Final Project: Gauri Naik

final_Project_assignment_1
final_project_data_description
Author

Gauri Naik

Published

May 19, 2023

Introduction

The World Bank Open Dataset is a repository of data from various countries under different themes. Each country has a listing of descriptors, including but not limited to GDP, homeless and poverty rate, violence and homicide rate, primary education completion rate, etc. Each of these variables are over time, going from a certain year to current. The datasets are updated every month.

Literacy rates have been an issue for many countries around the world, and while there are many variables that affect literacy rates, this report will look at internet usage in particular. The internet in its modern mutation allows for relatively easy access to widespread knowledge, and can be utilized to teach and learn language among other things. This report will look at literacy rates against internet usage in Colombia from 2004 to 2020, and describe correlations between the two variables. We would like to see if internet usage has a positive influence on education in Colombia, and one way to visualize this is using literacy rates.

Dataset Description

The data below contains information of Colombia’s income relative to other countries, their literacy rate based on age, and internet usage in percentage of population. I’ve subset a preview of the data below in tibble form.

[1] 21 19

The dimensions of the dataset are printed above as 21 rows by 19 columns. These 21 rows are split by country into literacy rates and internet usage in population percentage and the columns are the country codes, indicator codes (the variable labels of literacy split by gender and age, and internet usage percentage), and the range of years I’m interested in. We have a table with multiple variables. The indicator code SE.ADT.1524.LT.MA.ZS is the literacy rate of males between the ages of 15-24. The corresponding young adult indicator code for females is SE.ADT.1524.LT.FE.ZS, while the total literacy rate for youths 15-24 is given by the indicator code SE.ADT.1524.LT.ZS.

The literacy rate indicator codes for males above 24 years of age is SE.ADT.LITR.MA.ZS, while for females the indicator code is SE.ADT.LITR.FE.ZS and the total literacy rate for adults above 24 years of age is SE.ADT.LITR.ZS. The final indicator code is IT.NET.USER.ZS, which is the percent of population using the internet.

The table rows are the literacy rates for the years 2004 to 2020 and I’ve printed the average of the table’s row means below.
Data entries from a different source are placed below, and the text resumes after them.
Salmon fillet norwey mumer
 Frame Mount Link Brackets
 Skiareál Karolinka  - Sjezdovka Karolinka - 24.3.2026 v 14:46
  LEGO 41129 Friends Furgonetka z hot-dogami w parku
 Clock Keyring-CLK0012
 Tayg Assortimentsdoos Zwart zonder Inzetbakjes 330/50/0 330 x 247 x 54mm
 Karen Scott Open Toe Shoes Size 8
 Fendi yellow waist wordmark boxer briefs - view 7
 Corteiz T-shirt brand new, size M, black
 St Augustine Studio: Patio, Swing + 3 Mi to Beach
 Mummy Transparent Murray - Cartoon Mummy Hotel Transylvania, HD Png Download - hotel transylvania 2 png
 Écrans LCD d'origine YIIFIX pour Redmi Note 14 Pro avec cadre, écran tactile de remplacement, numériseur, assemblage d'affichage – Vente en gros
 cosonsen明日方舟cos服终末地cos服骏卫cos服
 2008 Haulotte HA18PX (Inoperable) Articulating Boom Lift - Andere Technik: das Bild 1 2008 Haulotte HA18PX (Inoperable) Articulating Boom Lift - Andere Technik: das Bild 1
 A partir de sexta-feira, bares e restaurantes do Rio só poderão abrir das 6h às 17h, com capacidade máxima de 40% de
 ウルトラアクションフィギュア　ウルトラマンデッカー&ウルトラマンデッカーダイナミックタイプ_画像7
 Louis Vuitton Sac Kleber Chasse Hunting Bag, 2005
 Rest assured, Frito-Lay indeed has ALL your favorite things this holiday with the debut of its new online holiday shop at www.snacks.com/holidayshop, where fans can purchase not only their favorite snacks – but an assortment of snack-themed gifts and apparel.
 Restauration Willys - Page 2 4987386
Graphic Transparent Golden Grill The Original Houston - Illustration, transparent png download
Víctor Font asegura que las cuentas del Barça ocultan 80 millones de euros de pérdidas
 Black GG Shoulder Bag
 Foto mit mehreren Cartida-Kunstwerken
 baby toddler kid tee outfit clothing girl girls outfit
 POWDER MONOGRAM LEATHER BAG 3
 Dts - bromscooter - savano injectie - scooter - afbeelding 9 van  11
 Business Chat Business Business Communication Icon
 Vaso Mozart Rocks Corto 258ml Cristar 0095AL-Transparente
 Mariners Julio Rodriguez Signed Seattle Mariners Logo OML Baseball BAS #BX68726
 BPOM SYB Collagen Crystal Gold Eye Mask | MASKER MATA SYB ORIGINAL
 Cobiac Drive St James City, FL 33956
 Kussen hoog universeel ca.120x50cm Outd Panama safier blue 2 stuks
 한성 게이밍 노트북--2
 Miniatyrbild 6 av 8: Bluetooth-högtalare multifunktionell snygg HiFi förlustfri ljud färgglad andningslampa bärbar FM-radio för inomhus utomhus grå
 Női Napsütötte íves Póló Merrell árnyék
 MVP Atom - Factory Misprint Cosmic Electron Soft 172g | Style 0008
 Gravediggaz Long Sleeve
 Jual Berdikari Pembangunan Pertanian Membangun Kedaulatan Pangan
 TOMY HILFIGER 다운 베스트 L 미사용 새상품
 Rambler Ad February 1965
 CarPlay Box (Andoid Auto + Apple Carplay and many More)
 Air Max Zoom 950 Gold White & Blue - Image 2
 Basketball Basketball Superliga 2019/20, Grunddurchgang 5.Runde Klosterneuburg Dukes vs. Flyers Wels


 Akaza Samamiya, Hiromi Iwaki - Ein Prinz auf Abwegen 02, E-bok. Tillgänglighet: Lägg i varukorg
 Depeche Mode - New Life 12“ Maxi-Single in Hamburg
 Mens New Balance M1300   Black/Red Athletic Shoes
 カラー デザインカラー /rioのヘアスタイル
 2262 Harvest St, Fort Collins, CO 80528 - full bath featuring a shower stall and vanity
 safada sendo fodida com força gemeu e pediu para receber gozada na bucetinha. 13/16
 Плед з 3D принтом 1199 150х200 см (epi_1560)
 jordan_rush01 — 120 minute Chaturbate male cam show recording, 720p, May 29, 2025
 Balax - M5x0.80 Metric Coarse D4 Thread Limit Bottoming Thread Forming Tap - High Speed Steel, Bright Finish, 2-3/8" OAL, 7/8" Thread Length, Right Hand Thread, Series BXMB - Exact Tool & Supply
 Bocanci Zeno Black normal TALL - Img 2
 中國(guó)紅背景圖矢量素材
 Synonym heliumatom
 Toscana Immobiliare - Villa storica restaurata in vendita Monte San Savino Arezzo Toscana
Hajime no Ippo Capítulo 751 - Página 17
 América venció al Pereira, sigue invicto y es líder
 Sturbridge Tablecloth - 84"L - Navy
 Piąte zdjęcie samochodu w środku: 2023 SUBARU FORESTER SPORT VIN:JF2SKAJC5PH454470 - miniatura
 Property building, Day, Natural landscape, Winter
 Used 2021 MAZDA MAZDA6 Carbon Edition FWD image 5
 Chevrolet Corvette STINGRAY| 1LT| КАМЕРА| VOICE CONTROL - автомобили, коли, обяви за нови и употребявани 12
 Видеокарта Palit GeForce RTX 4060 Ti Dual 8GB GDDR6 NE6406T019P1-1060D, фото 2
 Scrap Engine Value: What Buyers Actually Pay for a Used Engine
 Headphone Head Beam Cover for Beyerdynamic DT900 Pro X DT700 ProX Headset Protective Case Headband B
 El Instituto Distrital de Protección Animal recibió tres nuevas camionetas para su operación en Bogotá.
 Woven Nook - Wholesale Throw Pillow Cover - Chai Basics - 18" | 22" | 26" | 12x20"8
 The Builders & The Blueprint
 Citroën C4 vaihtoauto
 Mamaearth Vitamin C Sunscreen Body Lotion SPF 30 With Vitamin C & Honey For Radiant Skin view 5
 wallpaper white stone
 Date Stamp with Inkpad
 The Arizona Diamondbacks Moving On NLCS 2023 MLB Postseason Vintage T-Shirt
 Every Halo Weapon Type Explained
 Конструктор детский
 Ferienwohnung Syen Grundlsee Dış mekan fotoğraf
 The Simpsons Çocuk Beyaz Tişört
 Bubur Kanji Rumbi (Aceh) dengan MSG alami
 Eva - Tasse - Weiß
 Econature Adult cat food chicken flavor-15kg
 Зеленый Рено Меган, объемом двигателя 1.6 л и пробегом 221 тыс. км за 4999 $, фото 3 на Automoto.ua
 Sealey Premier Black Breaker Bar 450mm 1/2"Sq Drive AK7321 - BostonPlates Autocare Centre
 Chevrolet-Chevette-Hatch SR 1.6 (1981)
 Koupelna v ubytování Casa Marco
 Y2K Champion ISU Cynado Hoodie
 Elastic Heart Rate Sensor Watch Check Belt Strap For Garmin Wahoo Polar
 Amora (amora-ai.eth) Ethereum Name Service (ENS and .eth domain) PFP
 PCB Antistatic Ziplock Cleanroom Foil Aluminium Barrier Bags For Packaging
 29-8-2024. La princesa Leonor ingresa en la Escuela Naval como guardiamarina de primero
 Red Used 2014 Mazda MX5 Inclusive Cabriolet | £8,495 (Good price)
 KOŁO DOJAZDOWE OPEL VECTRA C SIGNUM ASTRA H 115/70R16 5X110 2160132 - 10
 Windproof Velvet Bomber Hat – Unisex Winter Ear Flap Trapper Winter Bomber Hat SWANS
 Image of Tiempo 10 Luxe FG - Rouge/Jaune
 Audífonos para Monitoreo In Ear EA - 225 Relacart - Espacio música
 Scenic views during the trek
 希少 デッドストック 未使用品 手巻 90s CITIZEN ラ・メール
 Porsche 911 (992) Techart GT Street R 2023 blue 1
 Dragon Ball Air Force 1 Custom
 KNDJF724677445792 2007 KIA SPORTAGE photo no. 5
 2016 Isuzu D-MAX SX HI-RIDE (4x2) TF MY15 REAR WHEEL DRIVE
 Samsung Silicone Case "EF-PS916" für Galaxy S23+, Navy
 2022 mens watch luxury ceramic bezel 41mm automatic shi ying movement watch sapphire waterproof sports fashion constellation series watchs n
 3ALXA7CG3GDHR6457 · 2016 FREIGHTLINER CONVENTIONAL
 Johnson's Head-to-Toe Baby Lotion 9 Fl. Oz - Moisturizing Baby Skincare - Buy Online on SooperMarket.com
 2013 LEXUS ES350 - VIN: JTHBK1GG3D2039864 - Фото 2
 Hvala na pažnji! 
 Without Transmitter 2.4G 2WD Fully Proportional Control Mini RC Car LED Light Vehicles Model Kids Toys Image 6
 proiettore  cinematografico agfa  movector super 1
[1] 97.92509 98.70967 98.32144 93.65754 93.93930 93.80306 42.30901
[1]  9.11869 99.29406

Plan for Visualization

In order to view the data above, first I will create three evolution scatter plot graphs (with trendlines showing the overall pattern of correlation) with the total literacy rates and internet usage. I would like a basic visualization of the evolution of each so we can see the rates over the years without interference from other variables.

Then I will generate another scatter plot using the internet usage rate as the x-axis, to start visualizing any correlation between literacy rates and internet usage. We can visualize a basic trend by looking at literacy rates as internet usage increased. However, this does not show evolution over literacy vs. internet usage over time, therefore while we may draw assumptions from the graph about correlations, we cannot assume anything over a time basis.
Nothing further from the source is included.